Recipe 34: Parallel GPU Sessions for Multi-Kernel Burst

Situation

You have a multi-step GPU pipeline — decode, denoise, encode — and 100 inputs to process. Each input needs all three steps on the same GPU, because intermediate buffers live in device memory between kernels.

Your options today:

Sequential on one GPU: Process each input serially. Safe, but slow — 100 × pipeline latency.
Single-shot dispatch: Stateless GPU_SUBMIT per step. But then intermediate results must be copied back to the host between steps, sent to the GPU again, copied back again. Three round-trips per input instead of one.
Session on one GPU: Open a persistent session, run all three kernels per input, read the final result. Correct, but still sequential — one GPU at a time.

What you want is the combination: persistent sessions (multi-kernel state per GPU) with burst parallelism (many GPUs simultaneously). Each GPU gets its own session with loaded modules and allocated buffers. N sessions run in parallel. Wall-clock time: one pipeline latency, not N.

What You Build

A coordinator that:

Acquires N GPU leases, one per input (or batch of inputs).
Opens a GpuSession on each lease — isolated CUDA context with persistent device memory.
Per session: loads a module, allocates buffers, uploads input, runs the kernel chain, reads results.
Runs all sessions in parallel.
Drops all leases — contexts, buffers, and modules freed automatically.

Building Blocks

grafos_std::gpu::{GpuBuilder, GpuLease, GpuSession, GpuMemHandle, GpuModule} — GPU session API — source
fabricbios_core::gpu_session wire types (ops 0x0601–0x0607) — source
grafos_jobs::{JobCoordinator, RetryPolicy, MemoryOutputStore, WorkChunk, ChunkId} — burst orchestration — source
grafos_leasekit::{RenewalManager, RenewalPolicy} — lease renewal — source

Recipe 30: Persistent GPU Session — single session walkthrough
Recipe 32: 1000 GPUs for One Second — stateless burst
Recipe 16: Pop-Up Supercomputer — CPU burst pattern

Design

Sessions + Burst = Parallel Pipelines

Recipe 30 shows how a session keeps device memory and modules alive across kernel launches — no re-uploading weights or recompiling PTX between steps. Recipe 32 shows how to fan out across many GPUs in parallel — but with stateless single-shot dispatch.

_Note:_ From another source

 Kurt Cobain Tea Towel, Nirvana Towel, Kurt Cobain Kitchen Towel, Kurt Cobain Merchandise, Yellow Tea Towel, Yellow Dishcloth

This recipe combines both: each GPU gets a session (state persists across kernels), and many sessions run concurrently (burst parallelism). The execution pattern per session is identical to Recipe 30; the fan-out pattern is identical to Recipe 32. The combination is more than either alone.

Session Lifecycle Per GPU

Lease acquired → Session opened → Module loaded → Buffers allocated
    → Upload input
    → Launch kernel 1 (async)
    → Launch kernel 2 (async — reads kernel 1's output from same buffer)
    → Launch kernel 3 (async)
    → Sync (wait for all three)
    → Read output
    → Drop lease (context, buffers, module freed)

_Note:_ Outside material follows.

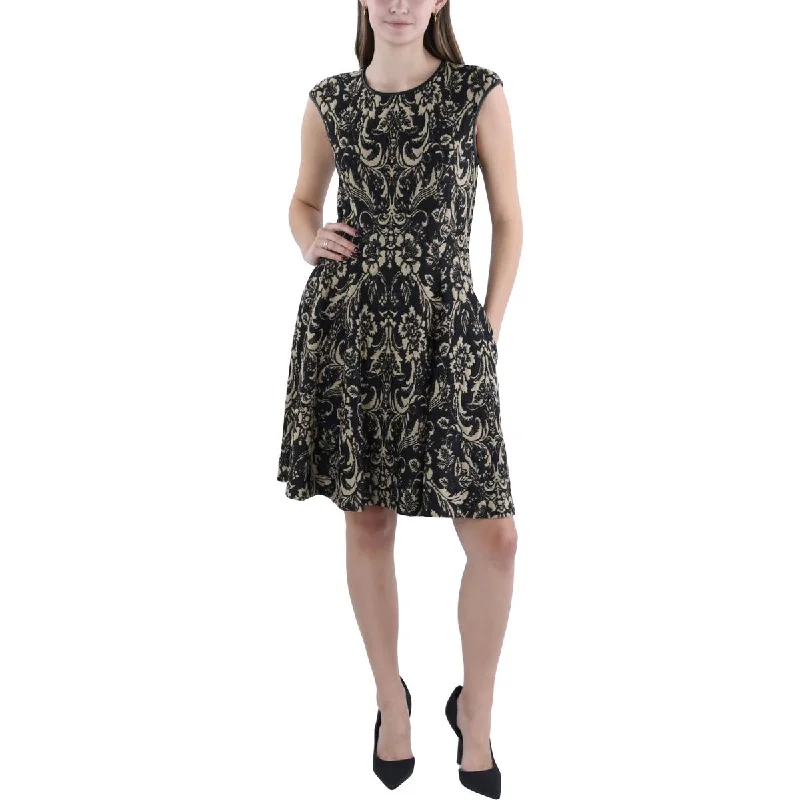 Womens Metallic Mini Cocktail And Party Dress Tunics Denim casual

Intermediate buffers (kernel 1 output = kernel 2 input) stay on the device. No host round-trip between kernels. This is the key advantage over chaining GPU_SUBMIT calls.

Contrast with Recipe 32

Recipe 32 uses stateless GPU_SUBMIT — one kernel per GPU, context created and destroyed per call. That works when each evaluation is a single kernel with no shared state.

This recipe uses sessions — the CUDA context and device memory persist across multiple kernel launches within the same session. Use this when your workload is a pipeline of dependent kernels operating on shared device buffers.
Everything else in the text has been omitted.